# Work to be completed:
After locating the line with "Aotearoa Kati Mamoe", repeat it and every following line to the end of the listing, exactly. Omit the pictures.

# Data section:
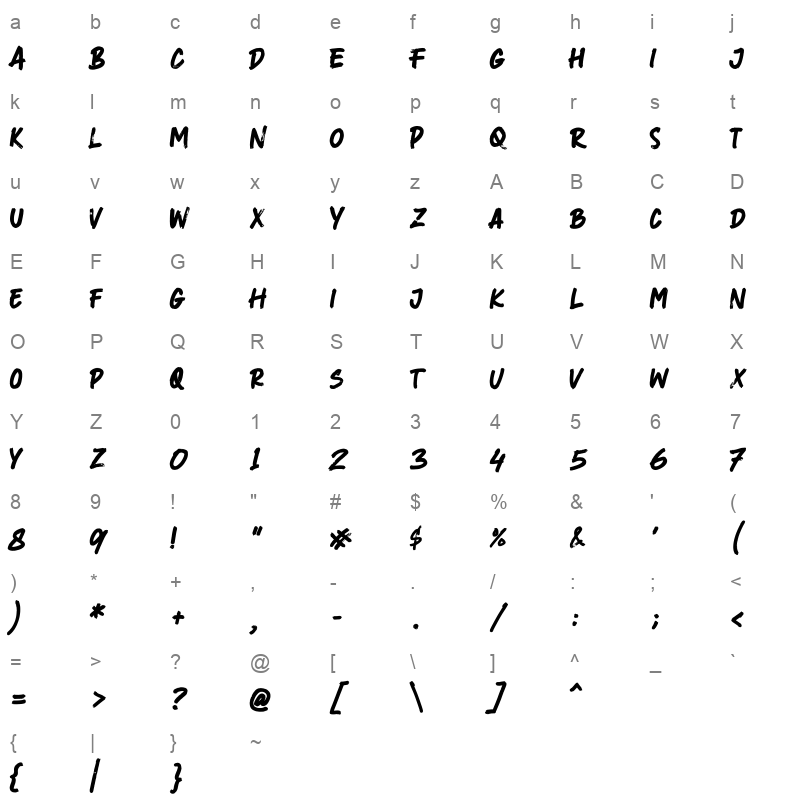 TAG LINER otf Character Map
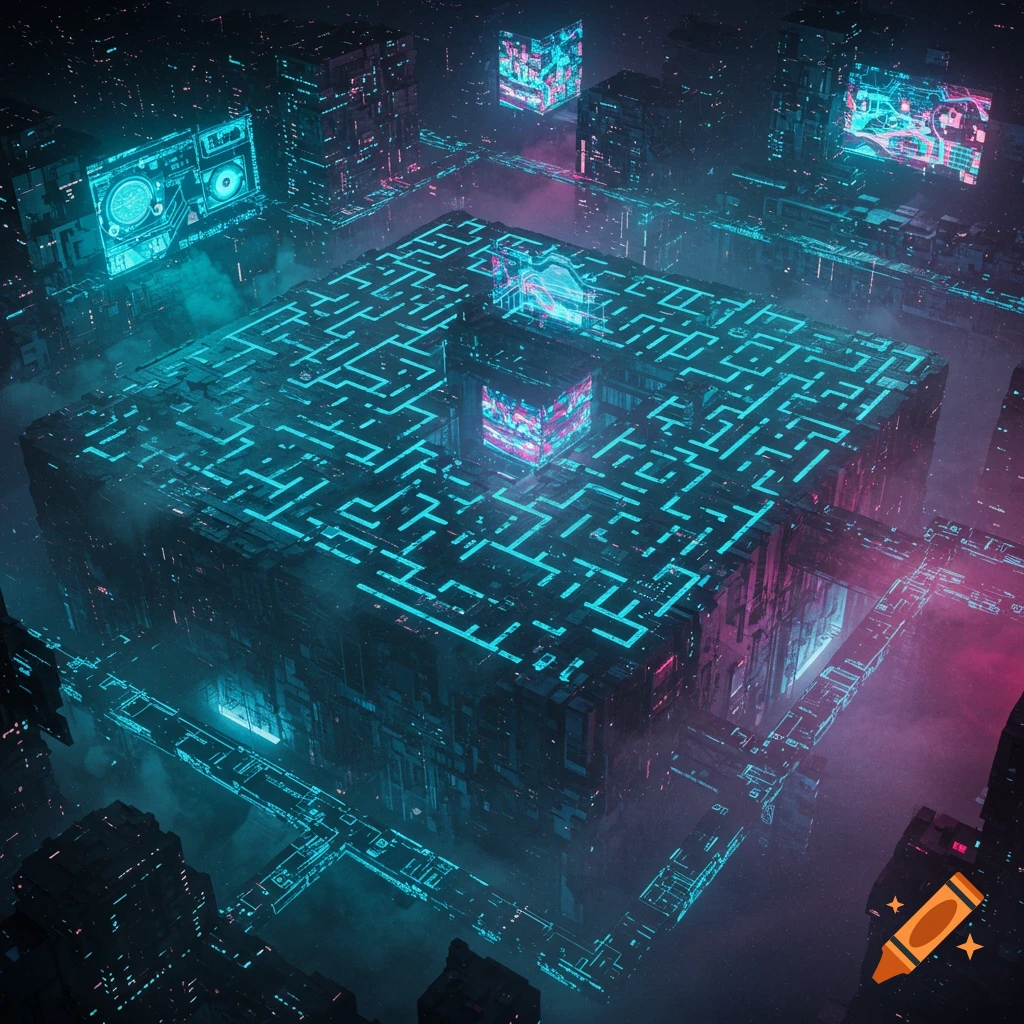 A dark, sprawling cyberpunk city viewed from above, with a central cube-shaped labyrinth glowing with blue and pink neon lights.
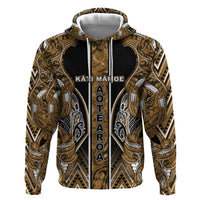 Aotearoa Kati Mamoe Zip Hoodie Maori Brown Tribal Paua Shell Pattern DT05 Pullover Hoodie Brown - Polynesian Pride
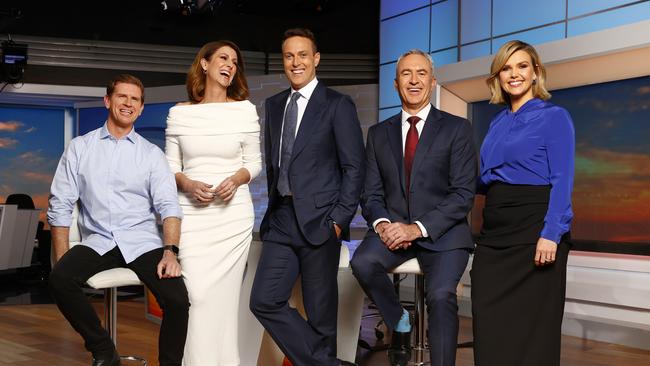 Sunrise’s new line up of Sam Mac, Natalie Barr, Matt Shirvington, Mark Beretta and Edwina Bartholomew has continued Seven’s dominance in the brekkie ratings. Picture: Richard Dobson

# Response for this exercise:
 Aotearoa Kati Mamoe Zip Hoodie Maori Brown Tribal Paua Shell Pattern DT05 Pullover Hoodie Brown - Polynesian Pride
 Sunrise’s new line up of Sam Mac, Natalie Barr, Matt Shirvington, Mark Beretta and Edwina Bartholomew has continued Seven’s dominance in the brekkie ratings. Picture: Richard Dobson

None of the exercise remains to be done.